Foi proferida decisão que julgou totalmente improcedente a oposição à penhora e, consequentemente, determinou a manutenção da penhora sobre o prédio urbano composto pela casa de r/chão, 1.º e 2.º andares, alpendre, terraço e logradouro, situado na Rua ..., n.º .., freguesia de ..., em Esposende, inscrito na matriz predial sob o art. ..., descrito na C.R.Predial sob o n.º .../...; julgou improcedente a reclamação apresentada pela exequente à liquidação/conta corrente discriminada provisória elaborada a fls. 17, remetida aos autos pelo Sr.AE a 3.02.2022.

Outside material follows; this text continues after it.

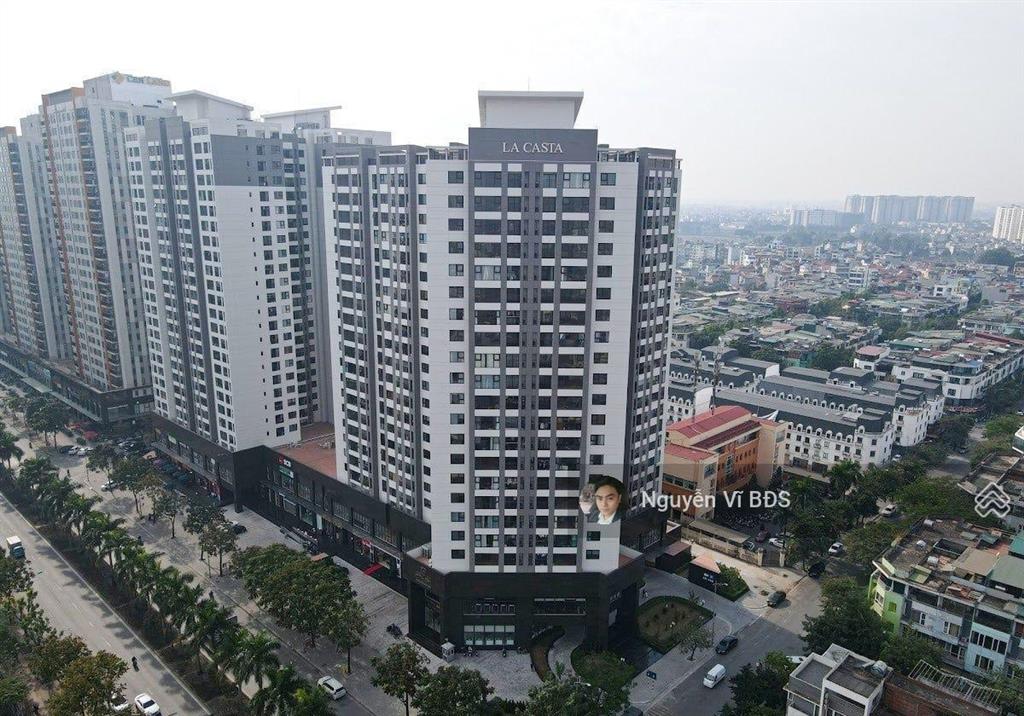 Chung cư cao cấp la casta văn phú hà đông 79m2 2 ngủ 2 wc tầng đẹp view thoáng full đồ nhỉnh 6 tỷ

Nos autos de execução para pagamento de quantia certa deduzido por A. M. e Filhos, Lda. contra M. J., veio a exequente, a 27 de janeiro de 2022, desistir da penhora levada a efeito sobre os quinhões hereditários que pertenceram à executada nas heranças ilíquidas e indivisas abertas por óbito dos seus pais M. T. e M. D., porquanto, conforme decorre do documento n.º 3 junto com os Embargos de Executado – Oposição á Penhora do apenso H, a executada transmitiu para o seu filho J. F., os quinhões hereditários que lhe pertenciam nas heranças ilíquidas e indivisas abertas por óbito dos seus pais M. T. e M. D. e isto porque, apesar do referido J. F. não ter deduzido oposição por embargos à referida penhora, o certo é que a exequente tem conhecimento da referida transmissão e, no seu entendimento, não deve o mesmo ser objeto de venda judicial, pois trata-se de um bem pertencente a terceiro sendo certo ainda que, tais quinhões hereditários foram já postos em venda judicial, por duas vezes, em leilão electrónico, no âmbito da presente execução, e apenas foram apresentadas duas propostas de aquisição, uma no valor de 2500,00€ e outra no valor de 2.525,00€, inferiores ao valor base (mínimo) de venda (4.250,00€).

A 31 de janeiro de 2022 foi proferido o seguinte despacho:
“Uma vez que o exequente pretende desistir da penhora feita a 8.10.2019 (v. auto penhora com a referência 9200488), relativa ao direito e acção/quinhão hereditário que era pertença da executada, na herança indivisa aberta por óbito dos seus pais – M. T. e M. D., e relativamente ao qual a própria executada no apenso “H” afirmou ter sido alienado a terceiro, através da escritura de doação lavrada a 28 de Novembro de 2018, homologo de imediato a desistência e, em consequência, ordeno o levantamento da referida penhora.
Notifique e informe o AE.
(…)”.
Ora, inconformada com tal decisão veio a executada recorrer de tal despacho apresentando as seguintes conclusões:

I - A Recorrente, não concebendo e não se conformando com o teor do douto despacho com referência 177408820, datado de 31.01.2022, no qual homologa, de imediato, a desistência da penhora acão / quinhão hereditário, nas heranças abertas por óbito de M. T., NIF: ........., cujas respetivas heranças são constituídas pelos seguintes prédios: artigo rústico ...: artigo urbano ...; artigo urbano ...; artigo urbano ...; artigo urbano ..., todos da freguesia de ..., concelho de Esposende.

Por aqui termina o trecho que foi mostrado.